> _RAW DATA_
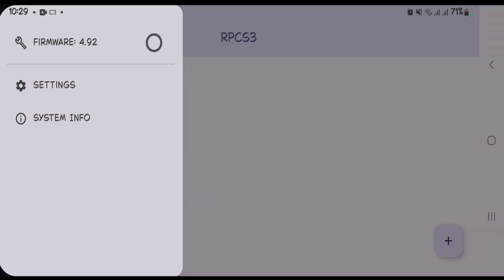Finally it's completing the installation of firmware here and thus it's been successfully installed. So that's how you can download and install the PS3 firmware for RPCS3 emulator on Android. If you have found this video helpful, just like this video and make sure that you subscribe to my channel.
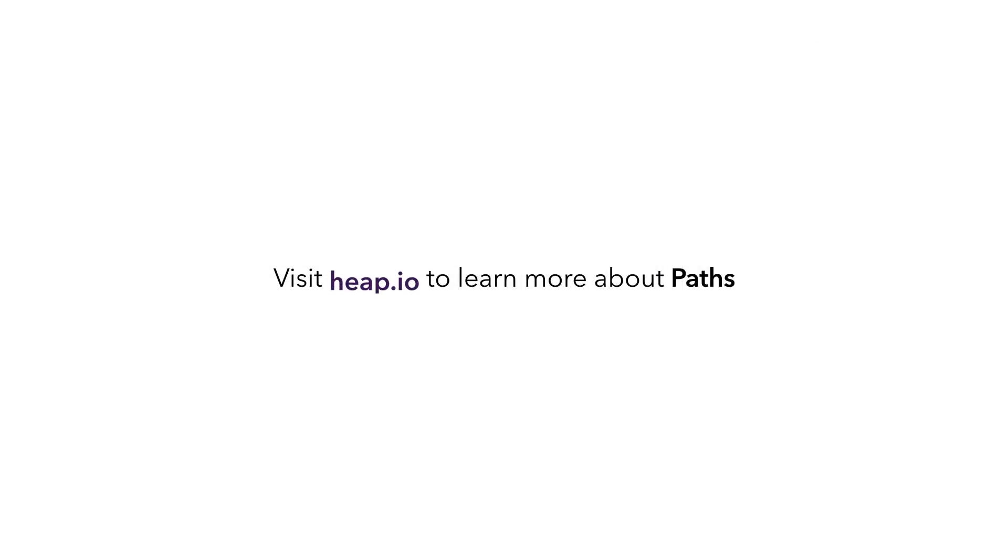Our goal is to help teams make business decisions with truth. Paths is a great way to explore that truth in order to better understand how users behave in your product. Thanks.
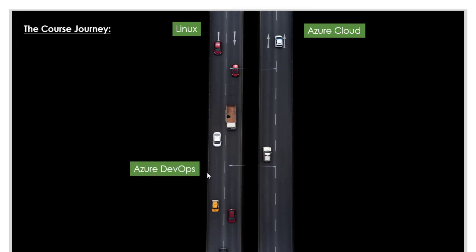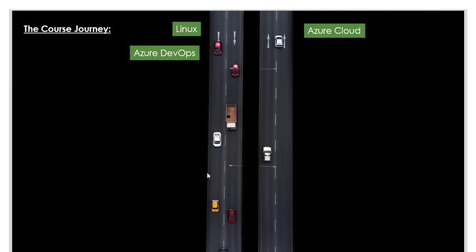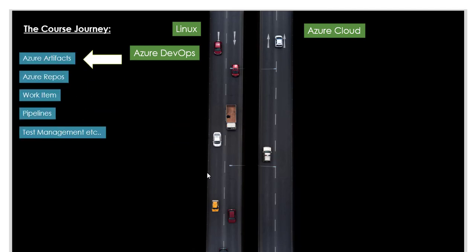Then the focus will be Azure DevOps, which includes multiple topics: Azure Artifacts, Azure Repos, work item management, pipeline management where your CI/CD comes in, test management, and more. We'll also cover service connections, service principals, and many other topics. On a high level, Azure DevOps will make up about 40% of this course.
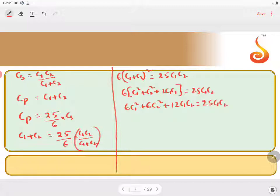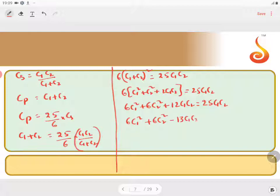Bringing all terms to one side, we get 6C1² + 6C2² - 13C1C2 = 0.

> _TASK PROMPT_
A verbatim copy of the listing, with all pictures removed, is required.

> _WRITTEN RESPONSE_
Finally it's completing the installation of firmware here and thus it's been successfully installed. So that's how you can download and install the PS3 firmware for RPCS3 emulator on Android. If you have found this video helpful, just like this video and make sure that you subscribe to my channel.
Our goal is to help teams make business decisions with truth. Paths is a great way to explore that truth in order to better understand how users behave in your product. Thanks.
Then the focus will be Azure DevOps, which includes multiple topics: Azure Artifacts, Azure Repos, work item management, pipeline management where your CI/CD comes in, test management, and more. We'll also cover service connections, service principals, and many other topics. On a high level, Azure DevOps will make up about 40% of this course.
Bringing all terms to one side, we get 6C1² + 6C2² - 13C1C2 = 0.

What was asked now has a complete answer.